Paris, mercredi 16 mars 1672
Vous me demandez, ma chère enfant, si j’aime toujours bien la vie. Je vous avoue que j’y trouve des chagrins cuisants ; mais je suis encore plus dégoûtée de la mort : je me trouve si malheureuse d’avoir à finir tout ceci par elle que si je pouvais retourner en arrière je ne demanderais pas mieux. Je me trouve dans un engagement qui m’embarrasse : je suis embarquée dans la vie sans mon consentement ; il faut que j’en sorte, cela m’assomme ; et comment en sortirai-je ? Par où ? Par quelle porte ? Quand sera-ce ? En quelle disposition ? Souffrirai-je mille et mille douleurs, qui me feront mourir désespérée ? Aurai-je un transport au cerveau ? Mourrai-je d’un accident ? Comment serai-je avec Dieu ? Qu’aurai-je à lui présenter ? La crainte, la nécessité feront-elles mon retour vers lui ? N’aurai-je aucun autre sentiment que celui de la peur ? Que puis-je espérer ? Suis-je digne du paradis ? Suis-je digne de l’enfer ? Quelle alternative ! Quel embarras ! Rien n’est si fou que de mettre son salut dans l’incertitude ; mais rien n’est si naturel, et la sotte vie que je mène est la chose du monde la plus aisée à comprendre. Je m’abîme dans ces pensées, et je trouve la mort si terrible que je hais plus la vie parce qu’elle m’y mène que par les épines qui s’y rencontrent. Vous me direz que je veux vivre éternellement. Point du tout ; mais si on m’avait demandé mon avis, j’aurais bien aimé à mourir entre les bras de ma nourrice : cela m’aurait ôté bien des ennuis et m’aurait donné le ciel bien sûrement et bien aisément ; mais parlons d’autre chose.

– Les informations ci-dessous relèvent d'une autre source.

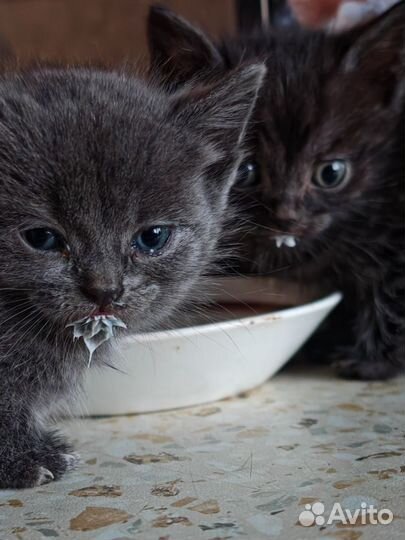 Котята в добрые руки бесплатно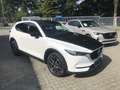 Mazda CX-5 SKYACTIV-G194 Sports-line spez., Leder, 360°Kamera Weiß - thumbnail 14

Je suis au désespoir que vous ayez eu Bajazet par d’autres que par moi. C’est ce chien de Barbin qui me hait, parce que je ne fais pas des Princesses de Montpensier. Vous en avez jugé très juste et très bien, et vous aurez vu que je suis de votre avis. Je voulais vous envoyer la Champmeslé pour vous réchauffer la pièce. Le personnage de Bajazet est glacé ; les mœurs des Turcs y sont mal observées ; ils ne font point tant de façons pour se marier ; le dénouement n’est point bien préparé : on n’entre point dans les raisons de cette grande tuerie Il y a pourtant des choses agréables, et rien de parfaitement beau, rien qui enlève, point de ces tirades de Corneille qui font frissonner. Ma fille, gardons-nous bien de lui comparer Racine, sentons-en la différence. Il y a des endroits froids et faibles, et jamais il n’ira plus loin qu’Alexandre et qu’Andromaque. Bajazet est au-dessous, au sentiment de bien des gens, et au mien, si j’ose me citer. Racine fait des comédies pour Champmeslé : ce n’est pas pour les siècles à venir. Si jamais il n’est plus jeune et qu’il cesse d’être amoureux, ce ne sera plus la même chose. Vive donc notre vieil ami Corneille ! Pardonnons-lui de méchants vers, en faveur des divines et sublimes beautés qui nous transportent : ce sont des traits de maître qui sont inimitables. Despréaux en dit encore plus que moi ; et en un mot, c’est bon goût : tenez-vous-y.
Voici un bon mot de Mme Cornuel, qui a fort réjoui le parterre. M. Tambonneau le fils a quitté la robe, et a mis une sangle autour de son ventre et de son derrière. Avec ce bel air, il veut aller sur la mer : je ne sais ce que lui a fait la terre. On disait donc à Mme Cornuel qu’il s’en allait à la mer : « Hélas, dit-elle, est-ce qu’il a été mordu d’un chien enragé ? » Cela fut dit sans malice, c’est ce qui a fait rire extrêmement.